Bien sûr, le peuple d’Israël priait également l’Eternel à l’époque du Premier Temple ; alors également, il disait des bénédictions et rendait grâce pour les bienfaits dont il jouissait. Mais il n’y avait pas pour cela de texte ordonné, et dès lors, les justes et les dévots priaient et bénissaient Dieu avec ferveur, tandis que les masses du peuple se libéraient de leur devoir par de faibles prières. Sans doute serait-ce un grand idéal que chacun formule, dans ses propres mots, une prière ressentie, sortant du cœur ; mais en pratique, les soucis du quotidien nous érodent, et s’il ne disposait pas d’un rituel de prières fixes, le public se détacherait progressivement du service de la prière et du Maître du monde. Grâce à l’institutionnalisation des prières et à leur rédaction, tout Israël a commencé à prier et, grâce à cela, la foi en Dieu s’est grandement renforcée. Ainsi, au fil des années, s’est créé un attachement des cœurs à l’égard de Dieu, tel que des milliers d’années d’exil elles-mêmes n’ont pu le faire disparaître.

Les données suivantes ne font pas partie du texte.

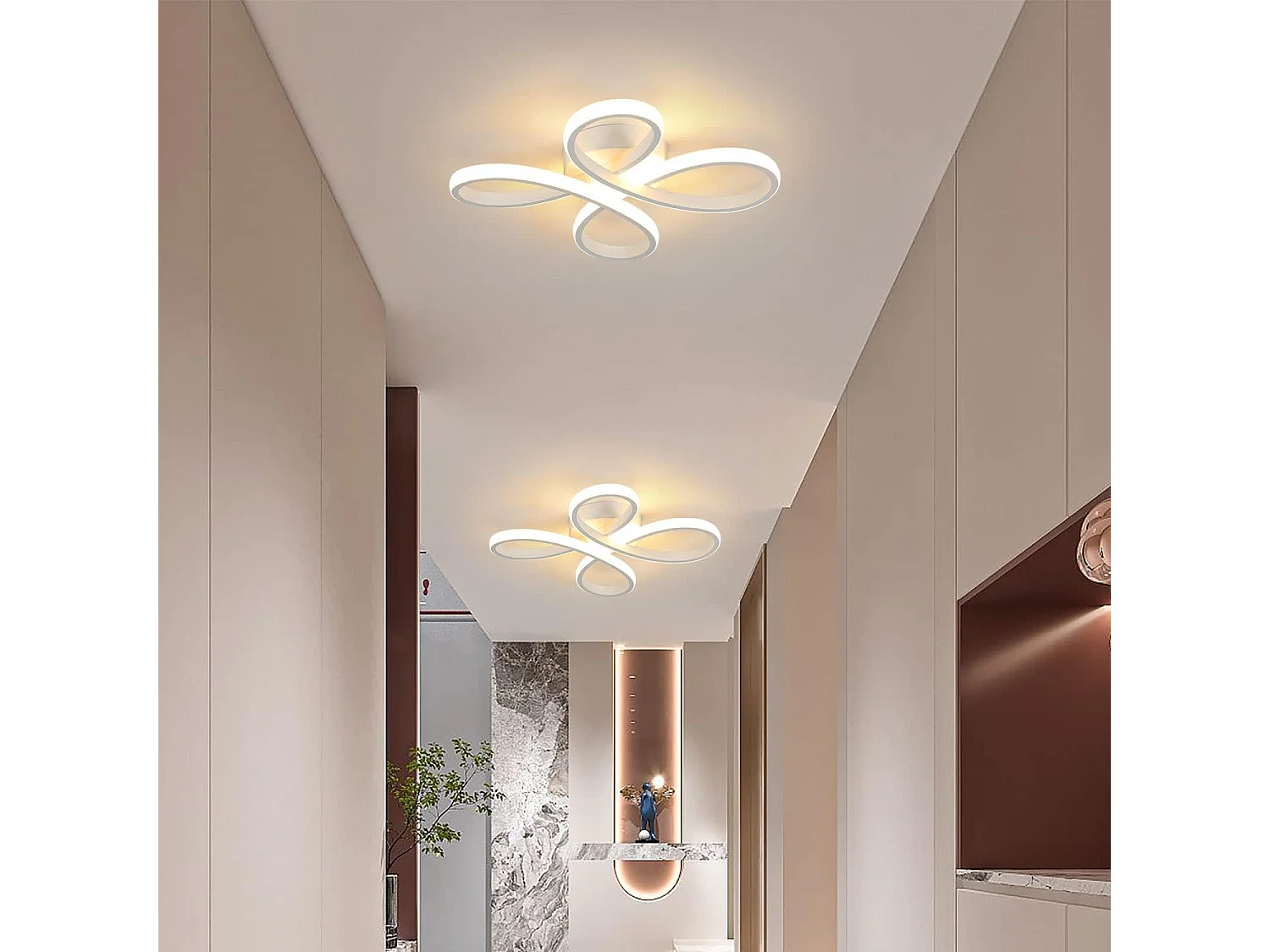 Plafonnier LED moderne en aluminium en forme de pétales blanc Éclairage élégant pour cuisine, chambre, salon et plus encore （Lumière chaude)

De plus, à l’époque du Premier Temple, nombreux étaient ceux qui se trompaient, et pensaient que même sans purification du cœur ni réparation des mauvaises actions, leurs fautes seraient pardonnées et eux-mêmes mériteraient abondance de biens grâce à l’offrande des sacrifices. Or à la vérité, l’essentiel est la foi en Dieu, la purification du cœur et l’amélioration des actes, comme il est dit (Dt 10, 12) : « Que te demande l’Eternel ton Dieu, si ce n’est de craindre l’Eternel ton Dieu, de marcher dans toutes Ses voies, de L’aimer, et de servir l’Eternel ton Dieu de tout ton cœur et de toute ton âme ? » Ainsi les prophètes se sont-ils élevés avec vigueur contre ceux qui pensaient que l’essentiel résidait dans les sacrifices et n’exigeaient pas d’eux-mêmes un attachement véritable à Dieu, comme il est dit (Isaïe 1, 11-13) : « Que M’importe la multitude de vos sacrifices, dit l’Eternel, Je suis saturé des holocaustes de béliers, de la graisse des bêtes gavées, et le sang des taureaux, des agneaux et des boucs, Je n’en ai point le désir. Vous qui venez vous présenter devant Ma face, qui vous a demandé de fouler Mes parvis ? N’apportez plus d’offrande vaine, l’encens M’est abominable… » Par l’institution des prières, les membres de la Grande Assemblée ont restauré l’ordre authentique du service divin, selon lequel la foi, l’intention et l’attachement à Dieu constituent le fondement du service. Or ces dispositions intérieures trouvent une expression plus claire dans les prières que dans les sacrifices, comme l’a enseigné Rabbi Eléazar : « La prière est plus grande que les sacrifices » (Berakhot, 32b). Dès lors, nous prions pour mériter d’exprimer notre attachement à Dieu de façon complète, par la prière et par les sacrifices.